Activity: Repeat exactly the lines below that lie between the line with "未開封 初音ミク プライズフィギュア まとめ売り 2点セット - メルカリ" and the line with "여자를 사귀고 싶다 5화 7", counting both of those lines as part of the answer.

Input data:
━━━━━━━━
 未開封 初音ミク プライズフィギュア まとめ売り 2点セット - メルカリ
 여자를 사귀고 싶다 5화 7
━━━━━━━━
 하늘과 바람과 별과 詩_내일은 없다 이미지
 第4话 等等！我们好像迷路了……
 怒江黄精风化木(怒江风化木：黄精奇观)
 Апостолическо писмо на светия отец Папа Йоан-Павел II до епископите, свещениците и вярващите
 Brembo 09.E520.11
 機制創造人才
━━━━━━━━
Result of the task:
 未開封 初音ミク プライズフィギュア まとめ売り 2点セット - メルカリ
 여자를 사귀고 싶다 5화 7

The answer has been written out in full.